The first known decree that inspired Federalism was the 1778 Articles of Confederation, America’s first constitution that embodied the multiple-sovereignty concept. Later on James Madison and other architects of the constitution felt that the central government had limited powers compared those of states. This would lead to the fall of United States due to centrifugal forces. Madison argued that such pressures had brought down previous European and ancient Greek confederations. The viable solution to such an imminent problem was to give the central government of the federation the power to veto laws affected in the states such as the Privy Council had operated during the colonial times under the British Empire. The Madison proposal was opposed by members of the Constitutional Convention who viewed it as a threat to the authority that the state wielded. In my view these rejections were influenced by the abuses that Americans had suffered under the British authority. The Convention in this light adopted the judicial review system which stated that state laws that violated or tried to supersede the federal constitution could be rendered invalid by the federal courts. The Supremacy Clause Article IV was another measure adopted in the effort to protect the precedence of the federal laws over the state laws.

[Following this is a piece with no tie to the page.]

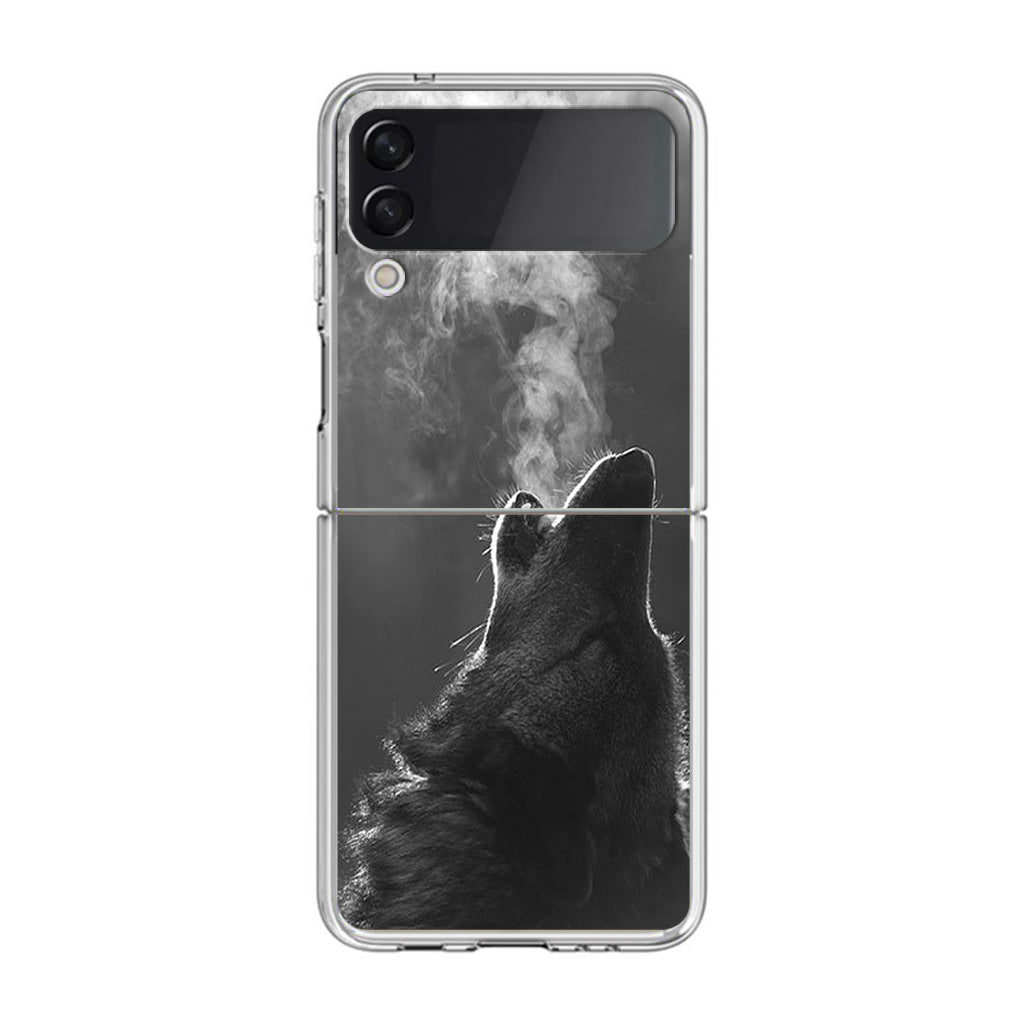 Howling Wolves Black and White Samsung Galaxy Z Flip 3 Case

The conflicts in the federal court jurisdiction can be said to what heralded the defining element of federalism in America. This was exhibited through the Judiciary Acts of 1789 and 1801 debates. The proponents of the relatively expansive federal authority of the government advocated for wide jurisdiction of the federal courts. This was motivated by the need to keep in check states and state courts. By contrast, however, many critics felt that federal jurisdiction would dominate over state courts heavily thus leading to overexpansion of federal power.
The 1801 Judiciary Act of 1801 enacted before the federal government takeover by Thomas Jefferson and his Democratic Republican Party is often viewed as a partisan plot or ploy by the then defeated federalists. The move was seen aimed at consolidating power in the Federalist-populated judiciary. The actual truth, however, was that the Act was enacted long before the Jeffersonian win as a long-term effort to broaden federal court jurisdiction.
Another constitutional controversy took place during the great debate of the constitutionality of Alexander Hamilton’s federal Bank of the U.S. This was brought about by Alexander Hamilton’s the then secretary of Treasury suggestion that the federal government assumes the state debts .This raised concern to many anti-federalists who saw it as another move to assert federal power over states . Hamilton’s main goal was to enable the United States be financially stable in case there was necessity to fight in another way against threats such as Spain and Britain(Nagel, 2001). The proposal faced heavy opposition from southern states excluding South Carolina that had cleared almost 83% of their debts. They saw it as Hamilton’s ploy to reduce the northern states tax burden that had lagged behind in terms of debt payments. The Southern states saw this move was to their disadvantage as much of their debts were met through internal mechanisms. Hamilton in the end succeeded in pushing through the proposal in the congress with the help of much political dealing and wheeling.
The next controversy that pitted federalists and anti-federalists was brought up again by Alexander Hamilton’s push to create a national bank. The proposal cited that the federal government treasury would own a fifth control of stock of the bank and the rest, private hands. The bank also would have an oversight authority over the federal bank and offer credit to United States people in order to grow the economy. This, however, like the last proposal faced a lot of opposition. Thomas Jefferson, most notably, spearheaded the Hamilton’s opponents. The opposition was advised by the Bank of Britain’s role in undermining democracy (Levy, 2000). They further argued that having private individuals have a stake in the shares-control would jeopardize public institutions. Politicians particularly were cited as the probable manipulators of the public institution if the proposal was to be effected as it were. The constitution too was said to have not allowed the granting charters by the federal government. The bank was approved by the congress despite the opposition by a narrow margin. The bank then obtained a charter valid for a twenty-year period in February 1791.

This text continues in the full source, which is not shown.